Symptoms: A muscle-contraction type of pain, sometimes accompanied by a painful “clicking” sound on opening of the jaw. It is an infrequent cause of headache.

Precipitating Factors: Caused by malocclusion (poor bite), stress, and jaw clenching

Treatment: Relaxation, biofeedback, and the use of a bite plate are the most common treatments. In extreme cases, the correction of malocclusion may be necessary

Prevention: Same as treatment

Tension-Type Headaches

Symptoms: Dull, non-throbbing pain, frequently bilateral, associated with tightness of scalp or neck. Degree of severity remains constant.

Precipitating Factors: Emotional stress, hidden depression

Treatment: Rest; aspirin; acetaminophen; ibuprofen; naproxen sodium; combinations of analgesics with caffeine; ice packs; muscle relaxants; antidepressants, if appropriate; biofeedback; psychotherapy; temporary use of stronger prescription analgesics, if necessary.

Prevention: Avoidance of stress; use of biofeedback; relaxation techniques; or antidepressant medication

Tic Douloureux Headaches

Symptoms: Short, jab like pain in trigger areas found in the face around the mouth or jaw; frequency and longevity of pain varies. It is a relatively rare disease of the neural impulses and is more common in women after age 55.

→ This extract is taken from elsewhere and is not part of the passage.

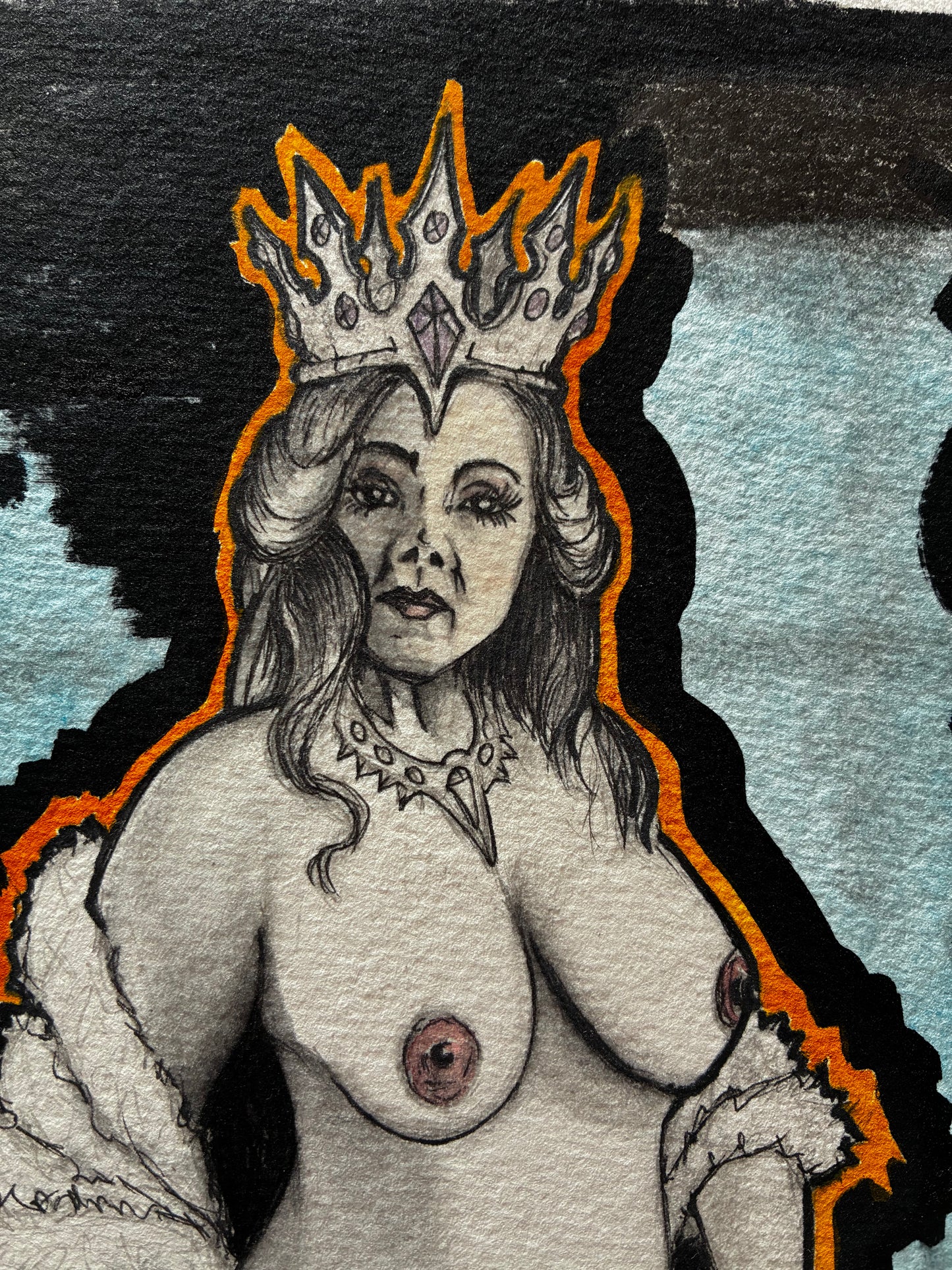 Muse in Motion — Mixed Media Portrait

Precipitating Factors: Cause unknown, pain from chewing, cold air, touching face. If under age 55, may result from neurological disease, such as MS.

Treatment: Anticonvulsants and muscle relaxants, neurosurgery

Prevention: None

Tumor Headache

Symptoms: Pain progressively worsens; projectile vomiting; possible visual disturbances speech or personality changes; problems with equilibrium; gait, or coordination; seizures. It is an extremely rare condition.

Precipitating Factors: The cause of tumor is usually unknown.

Treatment: If discovered early, treat with surgery or newer radiological methods.